Understanding What the Machines See: State-of-the-art Computer Vision at CVPR 2024

This blog post was originally published at Qualcomm’s website. It is reprinted here with the permission of Qualcomm.

Qualcomm’s accepted papers, demos and workshops at CVPR 2024 showcase the future of generative AI and perception

The Computer Vision and Pattern Recognition Conference (CVPR) 2024 begins on Monday, June 17, and Qualcomm Technologies is excited to participate with five research papers on the main track, 11 research papers on co-located workshops, 10 demos, as well as two co-organized workshops and other events for the research community. With an acceptance rate of 25%, CVPR celebrates the best research work in the field and shows us a glimpse of what we can expect from the future of generative artificial intelligence (AI) for images and videos, XR, automotive, computational photography, robotic vision and more.

At premier conferences such as CVPR, meticulously peer-reviewed papers establish the new state of the art (SOTA) and make significant contributions to the broader community. We would like to highlight a few of Qualcomm Technologies’ accepted papers that push the boundaries of computer vision research across two areas — generative AI and perception.

The results from our Clockwork method are impressive both for image generation and for image editing tasks.

Generative AI research

Text-to-image diffusion models allow users to create high-definition visual content instantly, but at a high computational cost. The paper “Clockwork UNets for Efficient Diffusion Models” introduces a method called Clockwork Diffusion to improve the efficiency of such models. They usually employ computationally expensive UNet-based denoising operations in every generation step. However, the paper identifies that not all operations are equally relevant for the final output quality.

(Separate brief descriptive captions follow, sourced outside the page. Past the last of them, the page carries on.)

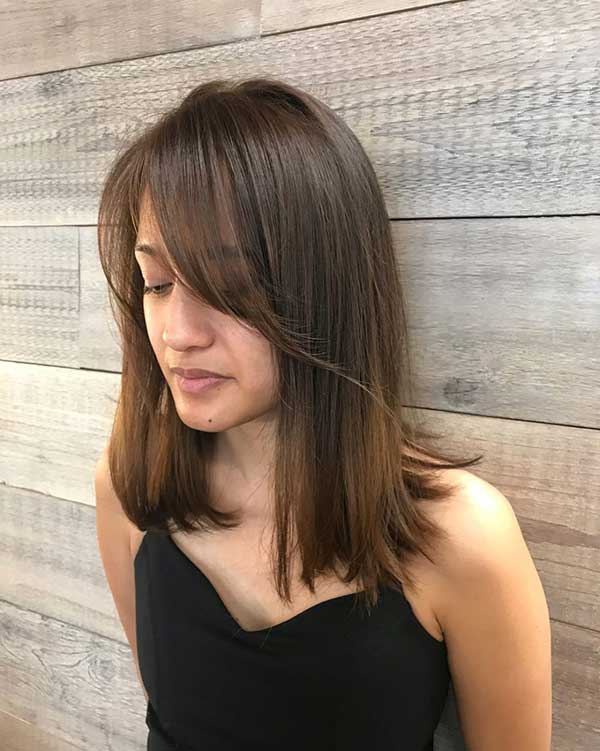 corte de cabelo longo com franjão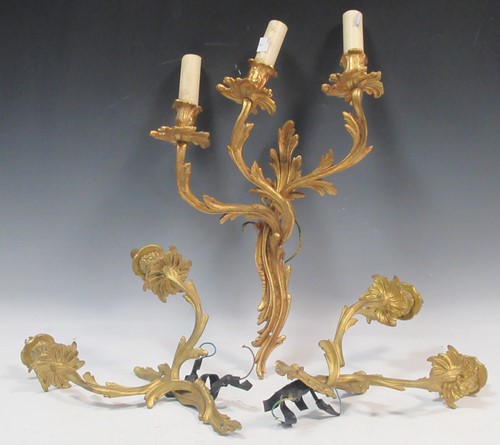 Lot 472 - An ormolu three-light wall light in rococo style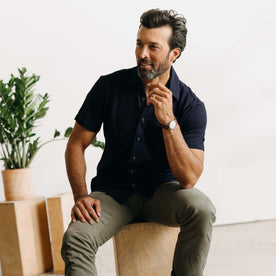 fit model sitting wearing The Short Sleeve California in Rinsed Indigo Slub, Wovens by Taylor Stitch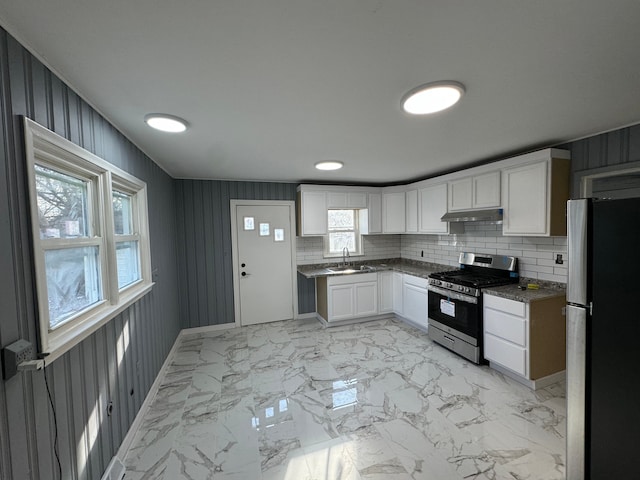 kitchen with backsplash, white cabinetry, sink, and appliances with stainless steel finishes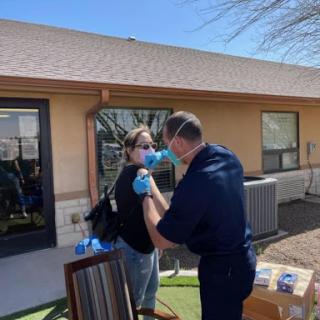 A healthcare professional administering a vaccination to a patient outdoors, both wearing masks for safety.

It turns out that UNet layers operating on high-resolution feature maps are sensitive to small perturbations, while low-resolution feature maps have less impact on the output. Based on this observation, Clockwork Diffusion proposes a method that periodically reuses computation from preceding denoising steps to approximate low-resolution feature maps at subsequent steps.

This approach leads to improved perceptual scores of up to 32% reduction in FLOPs for Stable Diffusion v1.5. The method is suitable for low-power edge devices, making it easily scalable to real-world applications. Find out more about Clockwork from our blog post on efficient generative AI for images and videos.

Perception papers

Solving data scarcity in optical flow estimation

Our paper “OCAI: Improving Optical Flow Estimation by Occlusion and Consistency Aware Interpolation” addresses the challenge of data scarcity in optical flow estimation by proposing a novel method called Occlusion and Consistency-Aware Interpolation (OCAI), which:

Supports robust frame interpolation by generating intermediate video frames alongside optical flows.
Utilizes an occlusion-aware forward-warping approach to resolve ambiguities in pixel values and fill in missing values.

Additionally, this paper introduces a teacher-student style semi-supervised learning method that leverages the interpolated frames and flows to train a student model, significantly improving optical flow accuracy. The evaluations on established benchmarks demonstrate the perceptually superior interpolation quality and enhanced optical flow accuracy achieved by OCAI.

Improvements in optical flow accuracy can lead to better robot navigation, movement detection for the automotive industry and more.

Improving the accuracy of depth completion

Qualcomm AI Research has recently achieved state-of-the-art results in depth completion for computer vision with their research paper titled “DeCoTR: Enhancing Depth Completion with 2D and 3D Attentions.” The paper introduces a novel approach that combines 2D and 3D attentions to improve the accuracy of depth completion without the need for iterative spatial propagations. By applying attention to 2D features in the bottleneck and skip connections:

The baseline convolutional depth completion model is enhanced, bringing it on par with complex transformer-based models.
Additionally, the authors uplift the 2D features to form a 3D point cloud and introduce a 3D point transformer to process it, allowing the model to explicitly learn and exploit 3D geometric features.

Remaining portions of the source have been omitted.